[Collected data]

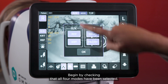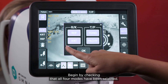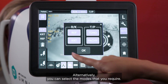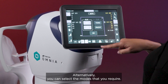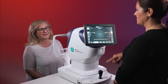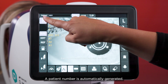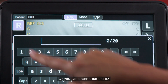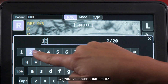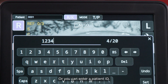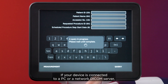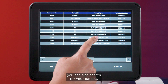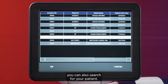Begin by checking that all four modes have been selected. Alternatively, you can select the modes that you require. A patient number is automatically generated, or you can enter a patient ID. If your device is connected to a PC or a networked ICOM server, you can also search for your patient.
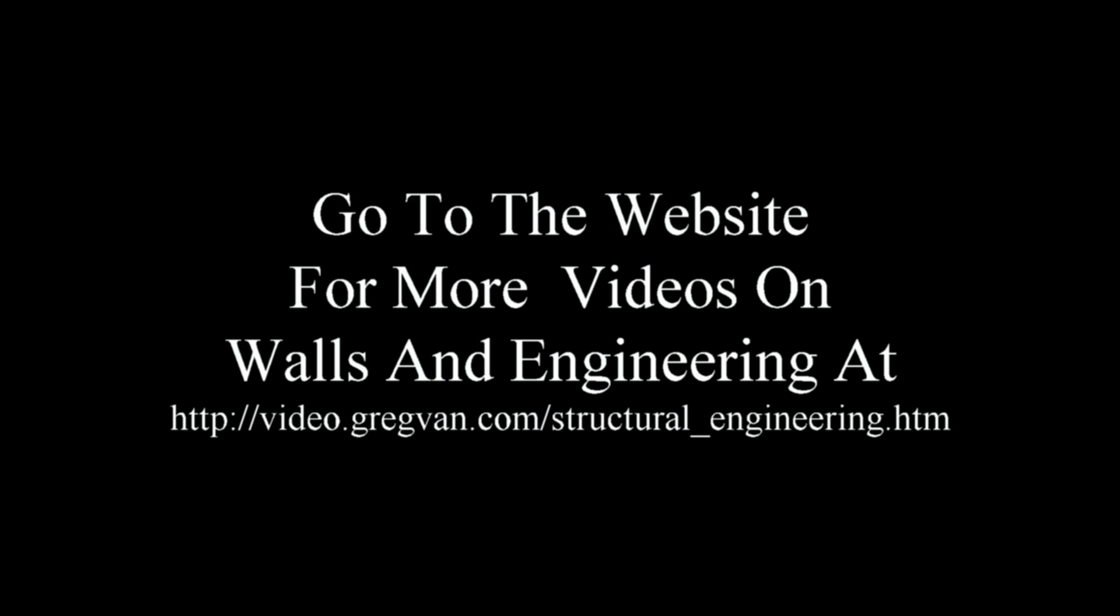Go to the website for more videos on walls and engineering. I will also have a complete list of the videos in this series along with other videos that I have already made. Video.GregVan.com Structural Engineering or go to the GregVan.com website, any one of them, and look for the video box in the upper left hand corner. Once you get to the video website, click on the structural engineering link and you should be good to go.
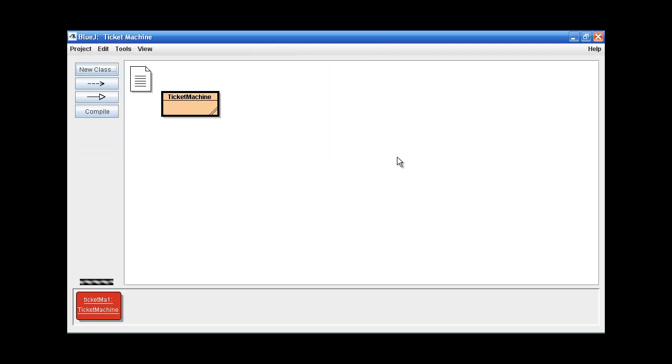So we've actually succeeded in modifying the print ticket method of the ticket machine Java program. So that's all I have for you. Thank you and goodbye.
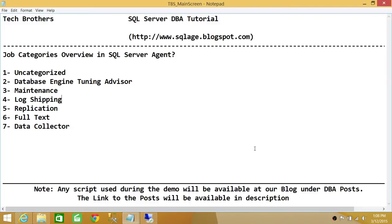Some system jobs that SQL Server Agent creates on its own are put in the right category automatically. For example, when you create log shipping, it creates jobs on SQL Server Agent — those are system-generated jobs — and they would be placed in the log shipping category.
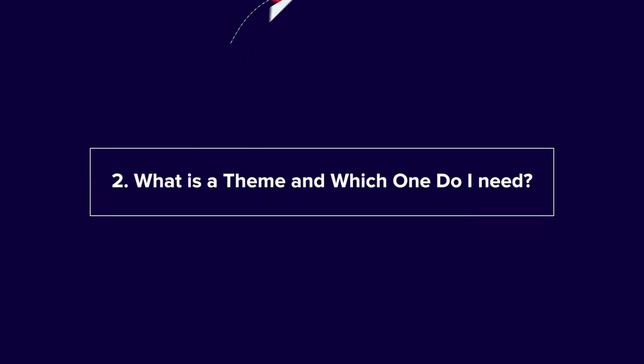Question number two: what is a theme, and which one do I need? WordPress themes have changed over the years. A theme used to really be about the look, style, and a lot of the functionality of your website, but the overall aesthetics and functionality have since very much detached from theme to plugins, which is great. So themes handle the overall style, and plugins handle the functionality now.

What you are asked to do:
The lines above from the line with "So we've actually" through the line with "Some system jobs" are to be given again word for word, with no pictures among them.

Solution:
So we've actually succeeded in modifying the print ticket method of the ticket machine Java program. So that's all I have for you. Thank you and goodbye.
Some system jobs that SQL Server Agent creates on its own are put in the right category automatically. For example, when you create log shipping, it creates jobs on SQL Server Agent — those are system-generated jobs — and they would be placed in the log shipping category.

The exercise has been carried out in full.